Dear Incurable Imbecile Dick Hertz

What makes you so entertaining is that you have absolutely no clue. You will never get the two integrals correctly because no have absolutely no clue about singularities. Even after I showed you the link to "Integrals with singularities (improper integrals", you still do not get it. Keep up entertaining us, dumbestfuck!

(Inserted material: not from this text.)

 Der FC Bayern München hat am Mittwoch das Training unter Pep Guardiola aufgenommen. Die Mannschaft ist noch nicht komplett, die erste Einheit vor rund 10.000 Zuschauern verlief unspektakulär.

On Wednesday, December 1, 2021 at 3:08:00 PM UTC-8, Richard Hertz wrote:
> The discussion is about this thread:
>
> Part II: How Einstein cooked the paper that made him famous worldwide
>
> https://groups.google.com/g/sci.physics.relativity/c/6Q8wiVH3thc

Dear Incurable Imbecile Dick Hertz

What makes you so entertaining is that you have absolutely no clue. You will never get the two integrals correctly because no have absolutely no clue about singularities. Even after I showed you the link to "Integrals with singularities (improper integrals", you still do not get it. Keep up entertaining us, dumbestfuck!

On Wednesday, December 1, 2021 at 9:33:41 PM UTC-3, Dono. wrote:

<snip>

> > > > Φ = ∫ dx/√E(x) ≈ ∫(1 + 1477 x)/√(-x² + 3.6061344E-11 x - 3.1135949E-22) dx , from α₁ to α₂
> > > >
> > > Correct

<snip>

> > I specifically wrote that both integrals, which result in ln(-1) are solved through the Euler's identity: e^(iπ) = -1 , so ln(-1) = i π.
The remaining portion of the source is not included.